-- Available data follows --

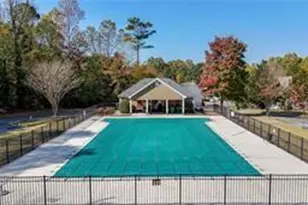 240 Ridge Mill Dr, Acworth, GA 30102 - Photo 21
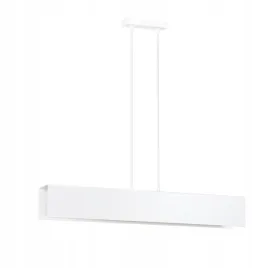 lampa-wiszaca-gentor-3-bialy-do-kuchni-salonu-metalowa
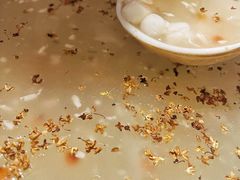 -东土食研所(渔港路店)
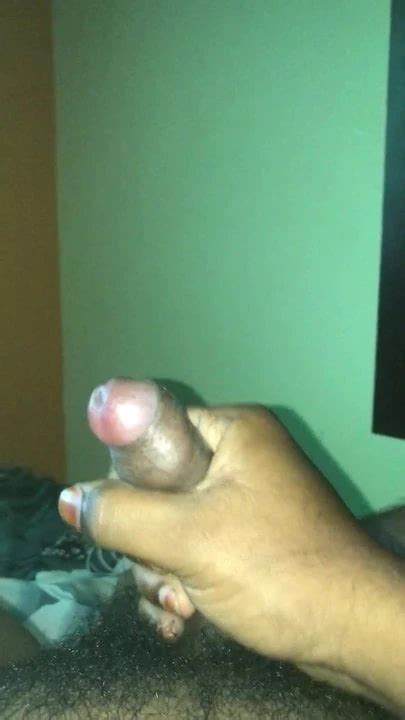 Img Mov Gay Man Porn XHamster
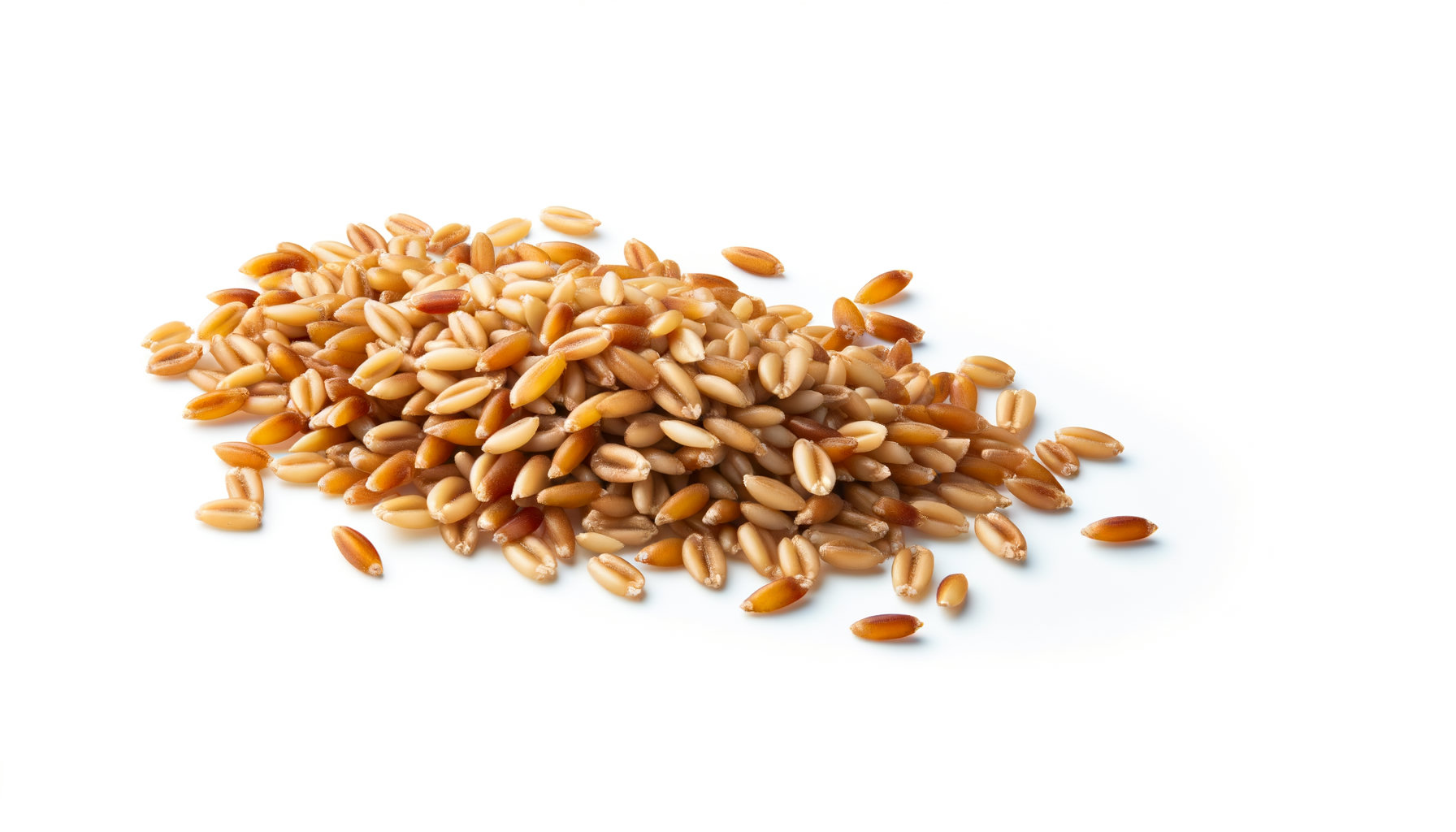 Freekeh image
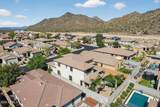 7135 Desert Mirage Drive - Photo 35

-- Available data concluded --

What needs to be done ▸ The reply must contain every entry above, exactly as written, and none of the pictures.

Solution to the exercise ▸
 240 Ridge Mill Dr, Acworth, GA 30102 - Photo 21
 lampa-wiszaca-gentor-3-bialy-do-kuchni-salonu-metalowa
 -东土食研所(渔港路店)
 Img Mov Gay Man Porn XHamster
 Freekeh image
 7135 Desert Mirage Drive - Photo 35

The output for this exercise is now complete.